Doch die von Hannelore Kraft (SPD) geführte Landesregierung meint ja, eine Zauberformel gefunden zu haben, mit der sich nahezu jede Kreditaufnahme rechtfertigen ließe: Ihre Schulden, so lautet das finanzpolitische Mantra der Regierung, seien Investitionen in die Zukunft, weil sich die kreditfinanzierten Ausgaben von heute irgendwann einmal rechneten. Wer das wie feststellen und vielleicht sogar in Zahlen bemessen kann, bleibt dabei offen. Aber darauf kommt es augenscheinlich auch gar nicht an. Vielmehr will Rot-Grün an diesem Argumentationsschild alle Angriffe auf das Schuldenmachen abprallen lassen.

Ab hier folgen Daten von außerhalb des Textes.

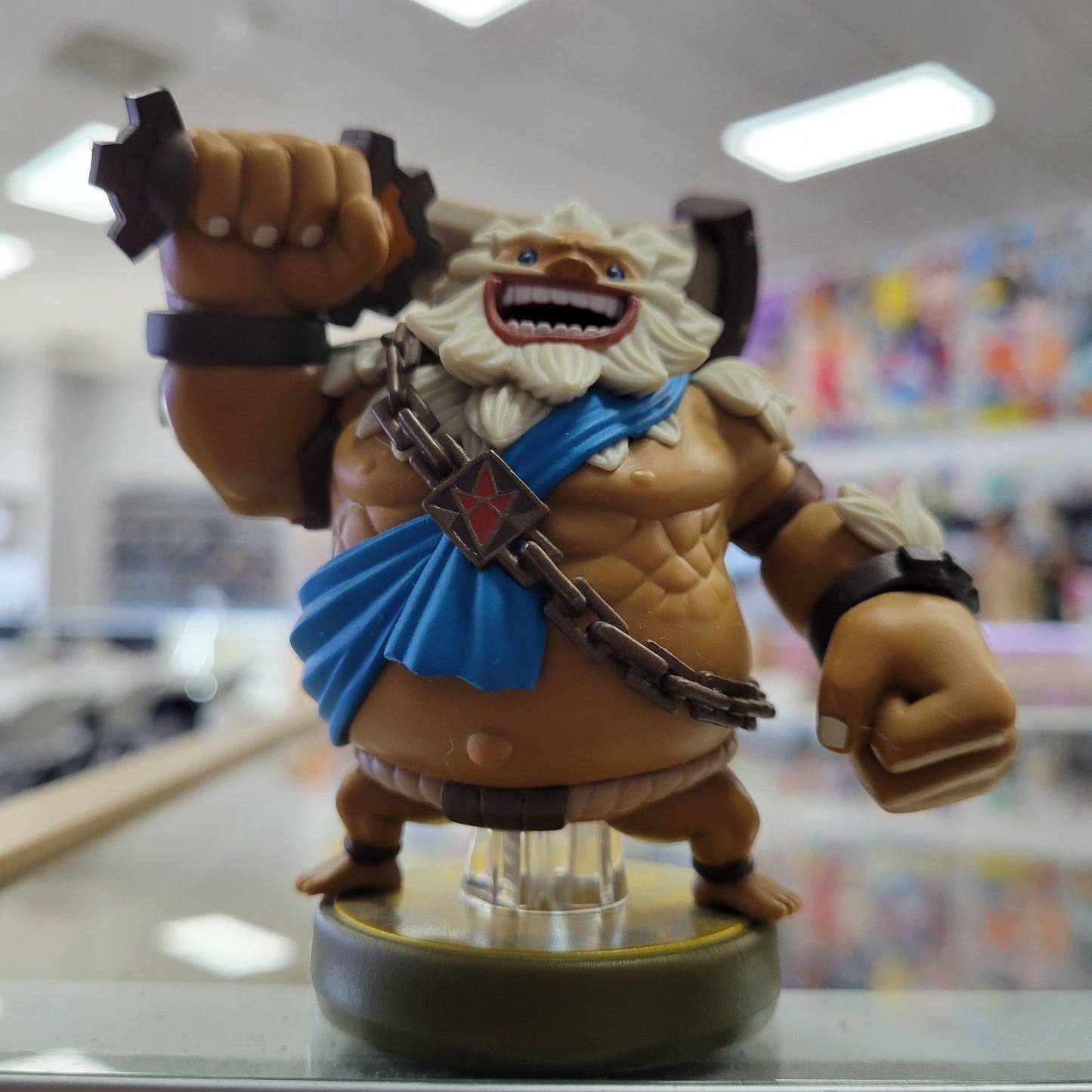 Daruk Amiibo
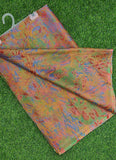 Latest Beautiful Printed Nara Chiffon Saree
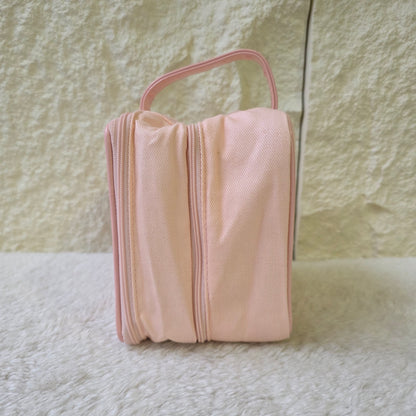 DIOR ポーチ ピンク【中古】 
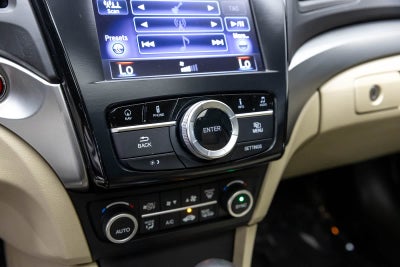 Acura ILX 2018 con paquete Premium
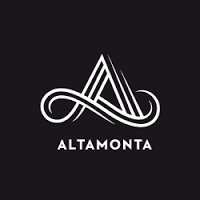 black and white altimonta logo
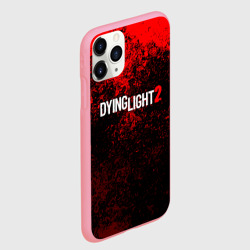 Чехол для iPhone 11 Pro Max матовый Dying light 2 - фото 2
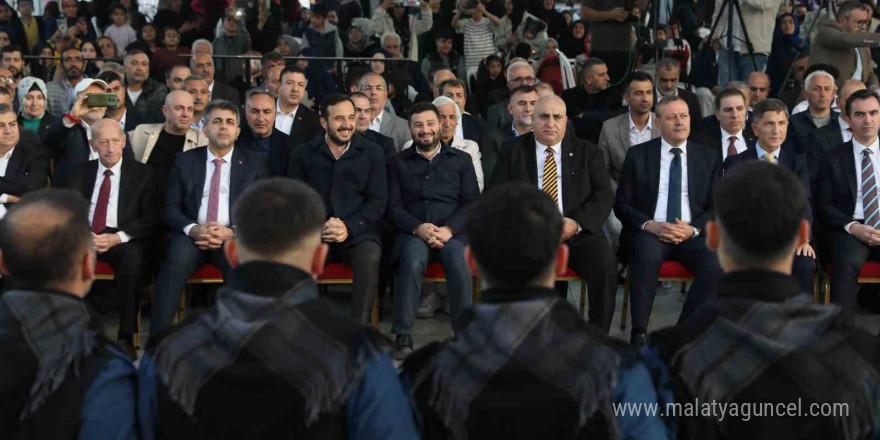 Kağıthane’de Bitlis tanıtım günleri coşkusu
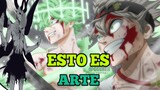 LA LUCHA CONTRA LUCIFERO ES BRILLANTE. BLACK CLOVER 324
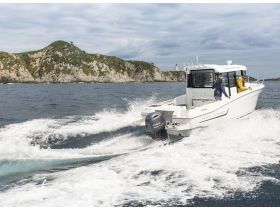 4х-тактный лодочный мотор YAMAHA F115BETL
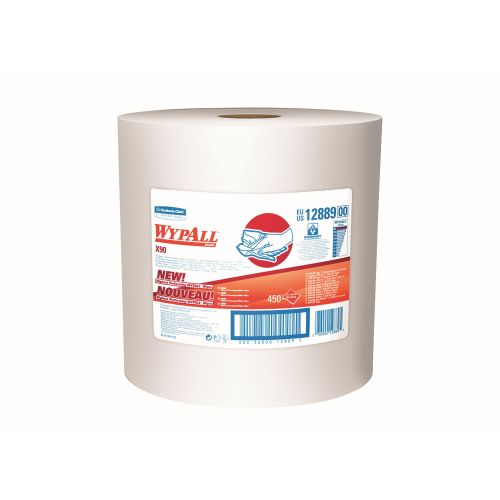 Kimberly-Clark 12889 Wypall X90 Wischtuch - Putztuchrolle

Doch ist es wirklich richtig, soziale Wohltaten zu beschließen, obwohl dazu gar keine Mittel vorhanden sind? Im hochverschuldeten Bund etwa soll unter allen Umständen das umstrittene Betreuungsgeld durchgesetzt werden. Die Regierung Kraft wiederum hat gleich nach dem Machtwechsel in Düsseldorf 2010 die Studiengebühren abgeschafft, obwohl diese sozialverträglich gestaffelt waren und keinen triftigen Grund für einen Verzicht aufs Studium abgaben. Rot-Grün hat zudem ein beitragsfreies Kita-Jahr eingeführt und damit (wie bei den Studiengebühren) auch jene Eltern entlastet, die das finanziell überhaupt nicht nötig haben. Die Landeskasse wird dadurch jedoch mit mindestens 400 Millionen Euro pro Jahr belastet.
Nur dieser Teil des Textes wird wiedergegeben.